Vous êtes en Arménie depuis trois ans. En Europe, ce pays est toujours associé au génocide de 1915. Pensez-vous que le génocide ait laissé des traces dans la population ?
Le génocide a laissé de nombreuses traces dans la population. La plus grande est l’horrible sentiment d’injustice d’avoir subi une telle atrocité qui, de surcroît, est complètement niée par ceux qui l’ont perpétrée. Ce sentiment se manifeste dans l’appel constant à la justice, dans les conversations quotidiennes et dans les commémorations de chaque année.
Comment le conflit actuel affecte-t-il les Arméniens ?
Le conflit actuel affecte tous les Arméniens à bien des égards. En premier lieu, il détruit les familles qui ont perdu leurs proches à la guerre ou qui ont été mutilés. Il accroît la pauvreté en raison de la priorité donnée aux dépenses militaires et du nombre de personnes déplacées qui, fuyant le Karabakh, sont arrivées dans de nombreuses villes. Les familles accueillent leurs proches, leurs amis ou leurs connaissances du mieux qu’elles peuvent, ce qui augmente les pénuries. Tout cela s’ajoute au chômage imputable à la crise de la pandémie, en particulier en raison de l’absence des revenus du tourisme.

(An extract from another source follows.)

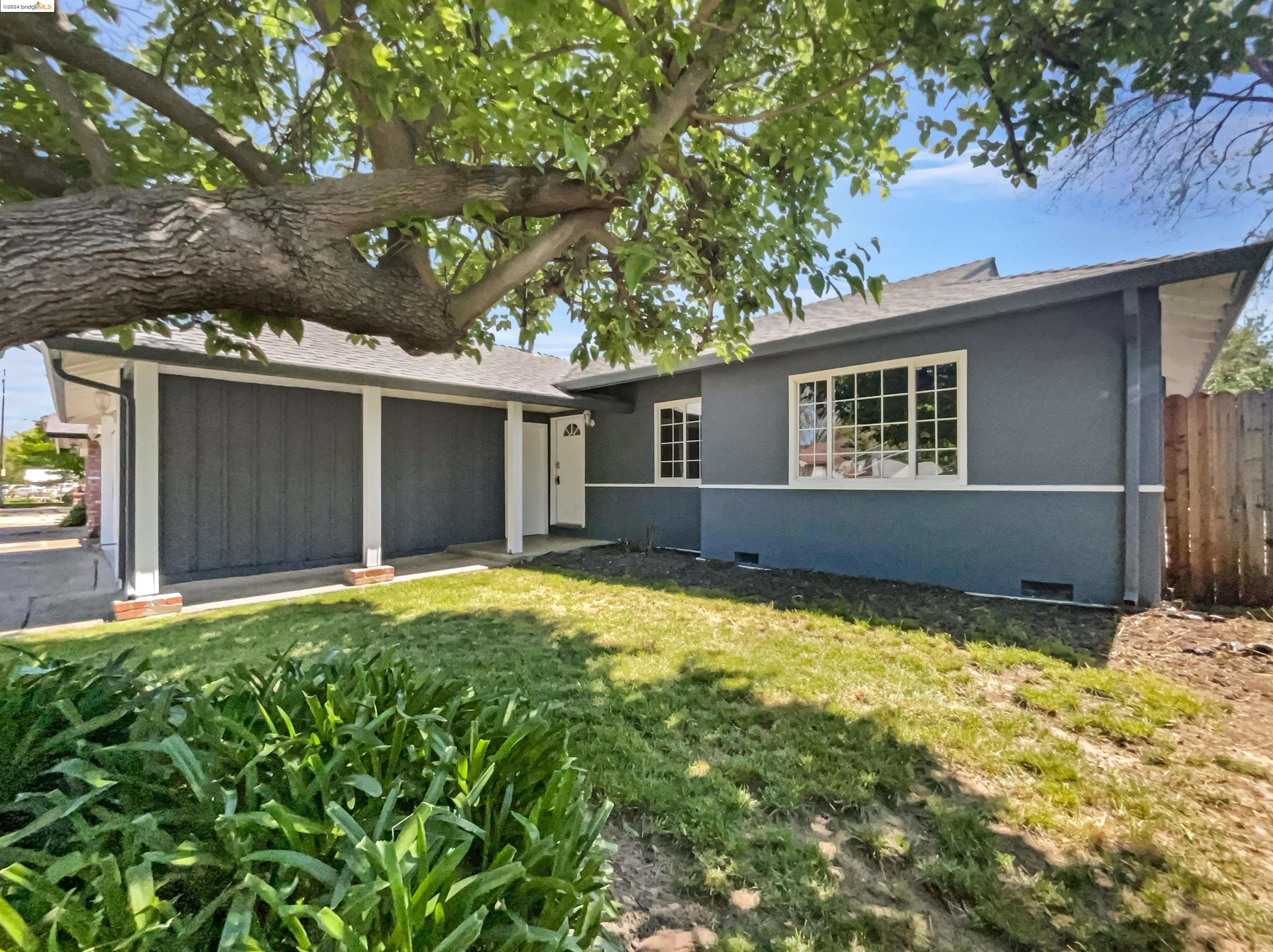 Detail Gallery Image 8 of 33 For 407 Deodara St, Vacaville,  CA 95688 - 3 Beds | 2 Baths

L’Église catholique d’Arménie, bien qu’elle soit très petite, contribue-t-elle à soulager les blessures de la guerre ? Comment ?
Les relations de l’Église apostolique arménienne avec l’Église catholique sont fondées sur le respect mutuel et la collaboration dans des domaines d’intérêt commun. Nous aidons les personnes touchées par la guerre, tout d’abord en rendant visite aux familles, en priant avec elles, en les réconfortant, et nous les aidons aussi matériellement dans la mesure de nos possibilités. Nous le faisons par l’intermédiaire de la Légion de Marie et des Sœurs de Mère Teresa de Calcutta.
Quelle est la dimension géopolitique de cette guerre ? Y a-t-il une dimension religieuse au conflit ou est-il purement politique ?
Je crois que cette guerre révèle l’hypocrisie de nombreux gouvernements qui, tout en promouvant la paix dans leurs discours, vendent des armes aux combattants. En outre, elle démontre qu’ils sont beaucoup plus intéressés par le pétrole et le gaz de ces pays que par les vies humaines. On voit clairement l’expansionnisme islamique, soutenu par de nombreux États, et le désir de voir disparaître en Asie d’anciens peuples chrétiens comme le peuple arménien.
Les arméniens se sentent-ils oubliés par la communauté internationale ?
Les arméniens se sentent oubliés et trahis par la communauté internationale, toujours plus intéressée par les jeux géopolitiques que par la vérité, la justice et la paix. Mais je voudrais terminer par un message d’espoir. Le peuple arménien a toujours refait surface au milieu de calamités indescriptibles, et cela dans la paix, sans vengeance ni rancune, réclamant seulement la justice et toujours dans la main de l’amour miséricordieux de Jésus et Marie. Il le fera maintenant une fois de plus, et sera à nouveau un exemple pour le monde.